From being a metal easily described as a one-trick pony thanks to its dominant end-use in stainless steel, nickel has suddenly become a two-trick pony, and if electric cars take off as predicted then a shortage in future years is possible.
What caused nickel to run from around $5.40 a pound two months ago to $7.09/lb at the end of last week (and a high on Friday of $7.22/lb) was a combination of strong demand from Chinese stainless steel mills and speculation that a major source of the metal could be cut off sooner than expected.
The source under threat is unprocessed nickel ore from Indonesia which is shipped to China for use in steel mills as a material called Nickel Pig Iron (NPI). Indonesia, and other countries which produce NPI dislike the material because it does not require any value-adding in the home market.
Previous bans on NPI have crimped the industry only for it to return. But the next ban is expected to be permanent and while Indonesia has said it will not be applied until the year 2022 it could happen sooner, just as battery makers seek supplies of nickel to meet electric-car demand.
ANZ, an Australian bank, warned two weeks ago that falling stockpiles of nickel metal were a warning of a squeeze developing. Stockpiles in warehouses managed by the London Metal Exchange (LME) have been falling for the past four years, with an accelerating decline over the past two, a time when reserve inventories dropped by 43% from around 250,000 tons to 142,000t.
“Nickel inventories have declined steadily since early 2018, as the persistent market deficit takes a toll,” ANZ said.
“Some analysts suggest stockpiling by electric vehicle manufacturers is behind the depletion. Whether this is the case or not, we see the tight market meaning further inventory drawdowns are likely.
Talk Of Panic Buying
“Current LME stockpiles would meet less than two months of supply — so panic buying is a likely outcome.”
It is highly unusual for a bank like ANZ to use an expression as emotive as panic buying but it was used largely because of concern that speculators had become active in the nickel market ahead of Indonesia’s reintroduction of a ban on NPI.
Pure-play Australian nickel mining companies are enjoying sharp share price rises as the nickel price moves up.

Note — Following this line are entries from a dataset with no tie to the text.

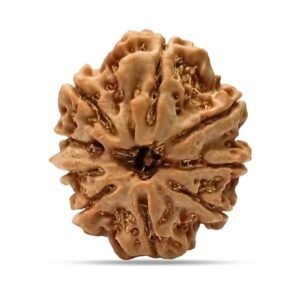 9 Mukhi Rudraksha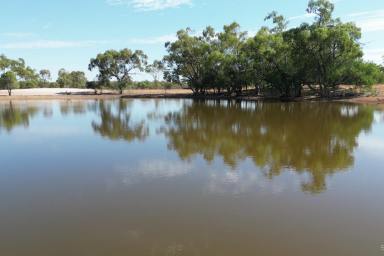 Farm For Sale - NSW - Louth - 2840 - Good working stock handling facilities  (Image 2)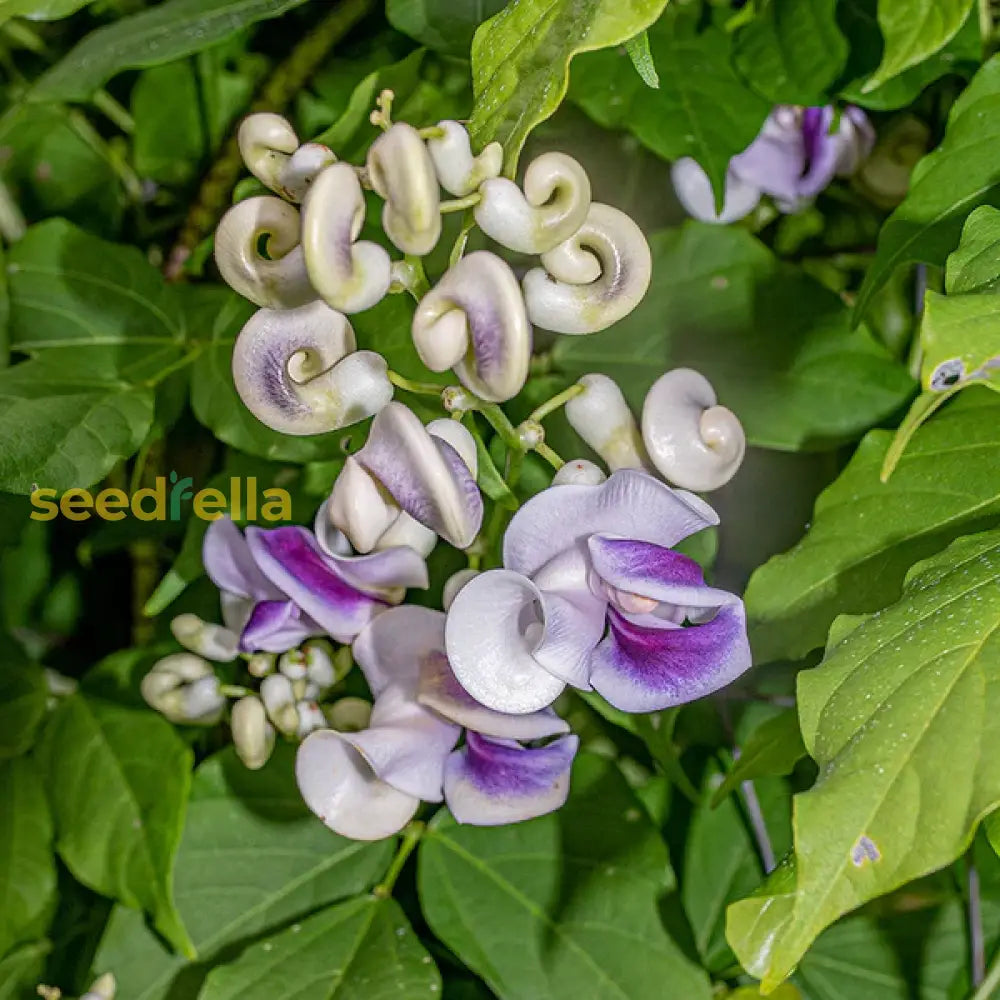 Vigna Caracalla climbing vine seeds for trellises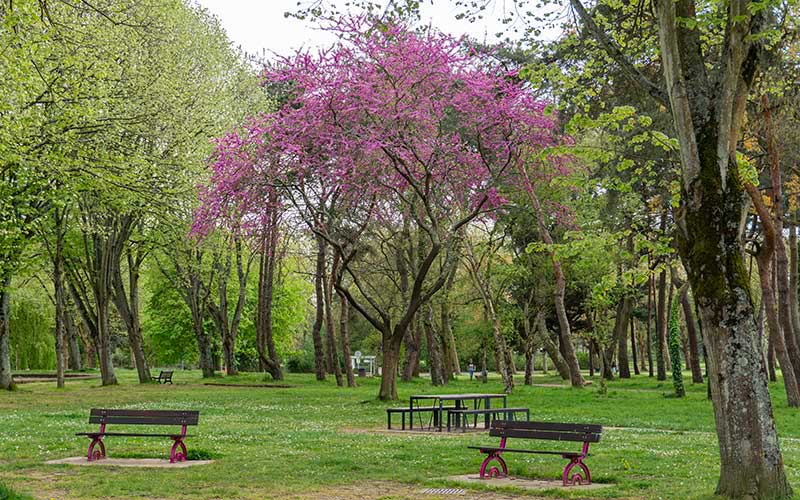 Saint-Nazaire : l’interdiction d’accès aux espaces boisés est prolongée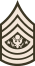 Army-USA-OR-09a (Army greens).svg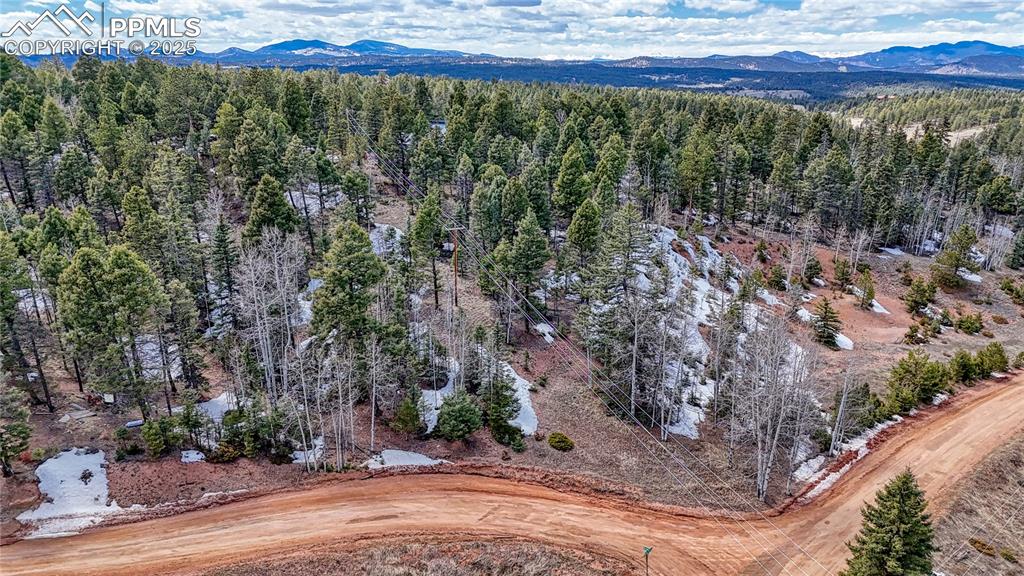 244 Spring Valley Lane Florissant CO 80816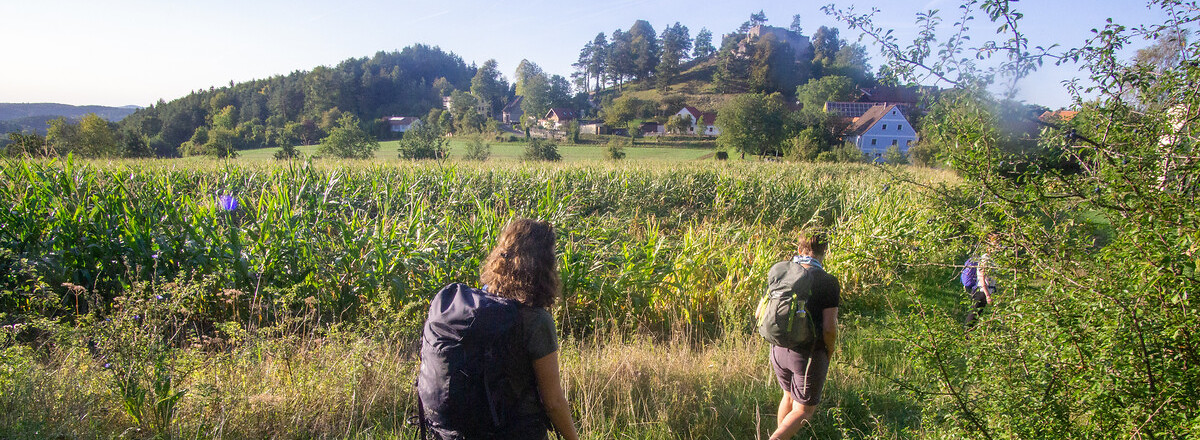 Wanderinnen auf Tour &ndash;  (27.09.2020, U. Buescher &copy;&nbsp;VGN GmbH)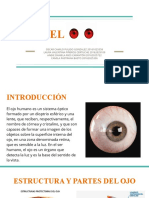 El ojo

Western Areas has risen by 25% over the past month and Mincor, which has just re-signed a supply agreement with BHP, a major producer of the nickel sulphate which battery makers prefer, is up 28%.
If there is a squeeze developing on nickel supplies as a major new market develops for the metal the price could go much higher than its current $7.09/lb.
Back in 2011 when a supply shortage developed the nickel price hit $22/lb, before falling rapidly as steel mills found substitutes for nickel in their stainless steel, including manganese.
No-one is talking about a nickel boom as powerful as that in 2011 but nickel has a long track record of extreme moves, up and down.